Há mais de um século o jogo do bicho foi instituído no Brasil, precisamente no Estado do Rio de Janeiro. O Barão de Drummond, dono do antigo Jardim Zoológico no Bairro de Vila Isabel, em dificuldades financeiras decorrentes do corte de subvenções ocorrido com o advento da República, investiu na idéia do jogo para os visitantes de seu Zoológico. O visitante recebia um bilhete com o nome e desenho de um dos 25 (vinte e cinco) animais do zoológico, dentre os quais era sorteado um, que revelava os bilhetes premiados.

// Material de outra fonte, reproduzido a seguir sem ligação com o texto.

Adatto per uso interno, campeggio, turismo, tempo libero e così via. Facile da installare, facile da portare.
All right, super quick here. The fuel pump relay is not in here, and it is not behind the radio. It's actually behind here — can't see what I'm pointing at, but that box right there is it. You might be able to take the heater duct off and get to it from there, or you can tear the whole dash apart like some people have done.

Inicialmente, o jogo surgiu oficializado como uma diversão da classe alta fluminense, mas, posteriormente, já sob a clandestinidade, conquistou o imaginário do povo brasileiro, e penetrou em todos os cantos do país, permanecendo até hoje.

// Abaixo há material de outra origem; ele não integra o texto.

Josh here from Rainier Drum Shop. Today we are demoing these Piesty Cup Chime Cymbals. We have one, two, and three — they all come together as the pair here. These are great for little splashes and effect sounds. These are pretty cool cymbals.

A prática do jogo foi aceita e adotada pela sociedade brasileira como um passatempo fácil, acessível e confiável. As diversas modalidades de apostas, de baixos ou altos valores e riscos, permitem que os jogadores aumentem suas chances de ganhos, ainda que baixos, dependendo do tipo do jogo escolhido. Essa peculiaridade, aliada à certeza do recebimento do prêmio, é forte atrativo para a maioria da população “fazer sua fezinha”, na esperança de aumentar seus baixos rendimentos.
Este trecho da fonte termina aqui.